Home » How To Cope When Expat Friends Leave

How To Cope When Expat Friends Leave

There is a lot written about how to say goodbye when you first set out on an expat adventure. Articles and advice column packed with tips and techniques meant to lessen the pain of separation as you bid farewell to family and friends.

It’s an inevitable part of living overseas that you’ll miss loved ones back home and spend more than a few painful moments missing those left behind.But there are other times when you have to say goodbye as an expat, some of them even more wrenching than your initial departure.

One of the most distressing can be when it comes time for the friends you made overseas to return to their home countries. You may have made friends with the locals, you may be thoroughly settled into the culture and be holding down a steady job.

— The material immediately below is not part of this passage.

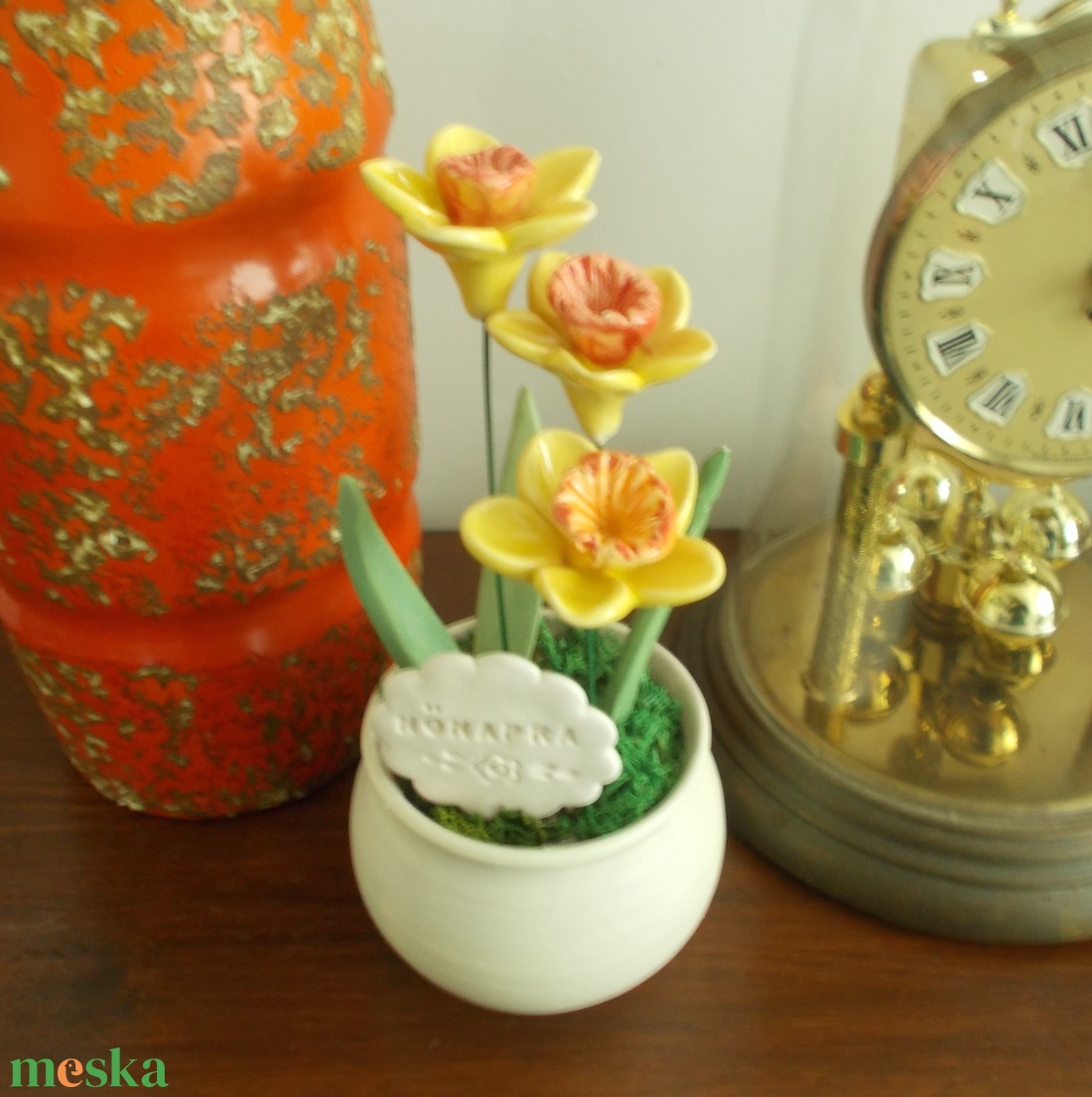 Asztaldísz nőnapra. - otthon & életmód - virágdekoráció - virágdíszek - virágdísz kaspóban - Meska.hu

But there’s a special friendship that develops between fellow expats.

Being able to sit down for a coffee and discuss your confusion over local habits, talk about your frustrations at certain customs or commiserate about homesickness is a powerful bonding tool. Expats will often be drawn to other expats, even if they don’t share the same nationality, precisely because they share common experiences by being guests in a strange land.

Expat friends are the ones most likely to help you sort out confusing paperwork, show you around town and lend you hard-to-get items. They are also the ones who will rush to your aid when things go wrong and to lend you a shoulder to cry on when you need it the most. Expats will also help you celebrate in style, sharing their culture along with yours and that of the host country, packing the calendar with fun and festivities.

The bonds of friendship in these relationships become firm fast, with expat friends becoming like family, making goodbyes all the more difficult.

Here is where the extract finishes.